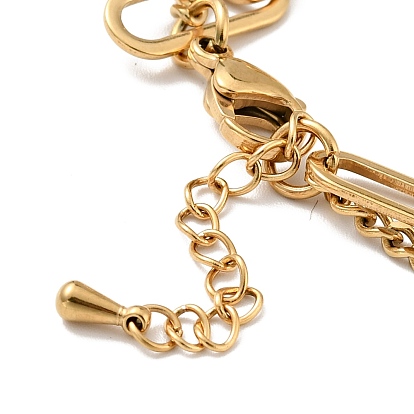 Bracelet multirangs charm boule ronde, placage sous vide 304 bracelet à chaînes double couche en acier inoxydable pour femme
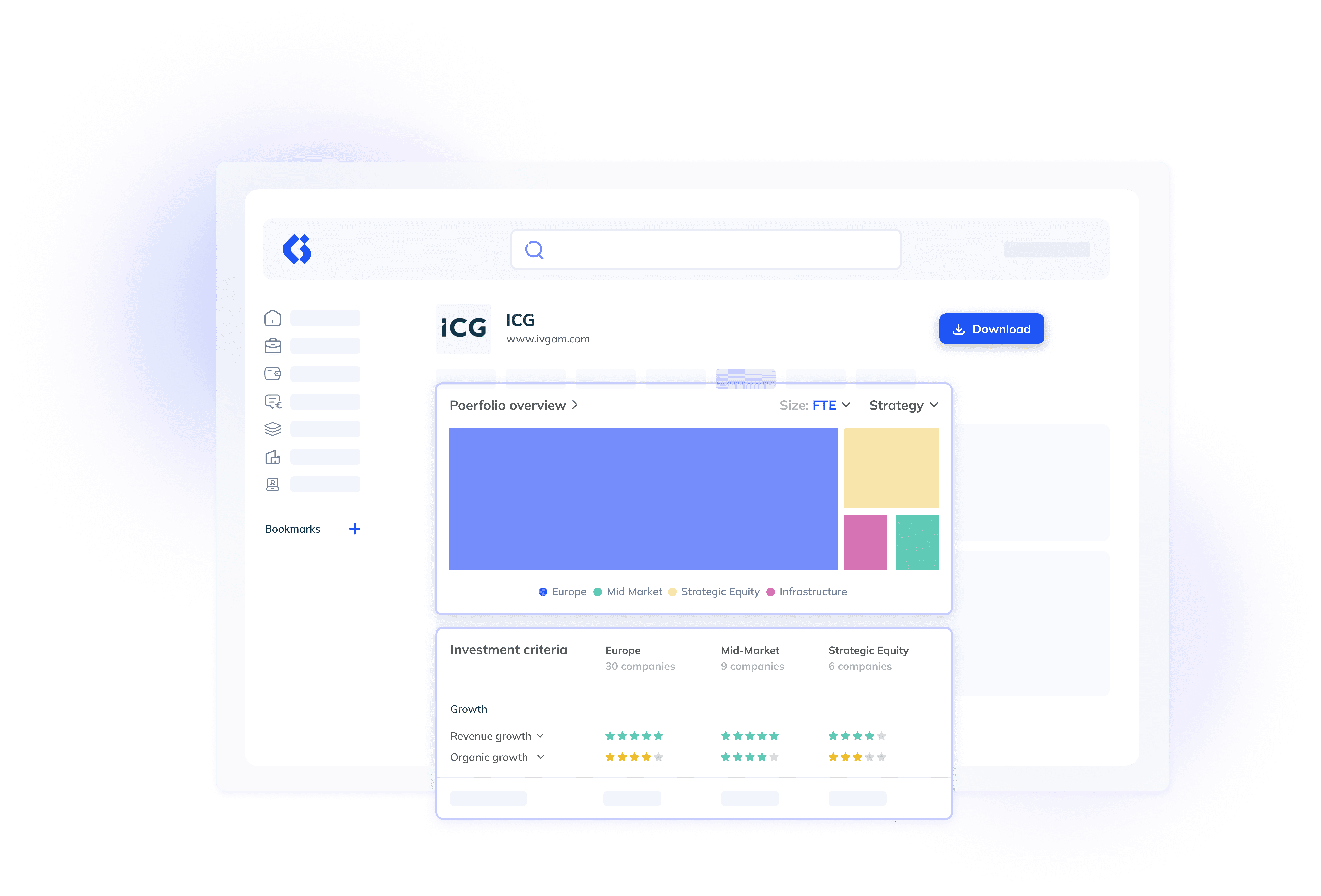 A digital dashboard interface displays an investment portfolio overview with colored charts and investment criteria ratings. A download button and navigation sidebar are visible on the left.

--

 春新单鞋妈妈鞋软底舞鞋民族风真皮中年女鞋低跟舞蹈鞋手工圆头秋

==

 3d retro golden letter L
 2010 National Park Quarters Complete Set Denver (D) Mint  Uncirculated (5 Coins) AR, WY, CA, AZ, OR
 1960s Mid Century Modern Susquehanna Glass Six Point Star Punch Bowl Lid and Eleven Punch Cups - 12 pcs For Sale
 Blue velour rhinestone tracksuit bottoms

The task>
The reply should consist solely of the lines above from the one that has "3d retro golden letter L" through the one that has "Blue velour rhinestone tracksuit bottoms", reproduced exactly.

Written reply>
 3d retro golden letter L
 2010 National Park Quarters Complete Set Denver (D) Mint  Uncirculated (5 Coins) AR, WY, CA, AZ, OR
 1960s Mid Century Modern Susquehanna Glass Six Point Star Punch Bowl Lid and Eleven Punch Cups - 12 pcs For Sale
 Blue velour rhinestone tracksuit bottoms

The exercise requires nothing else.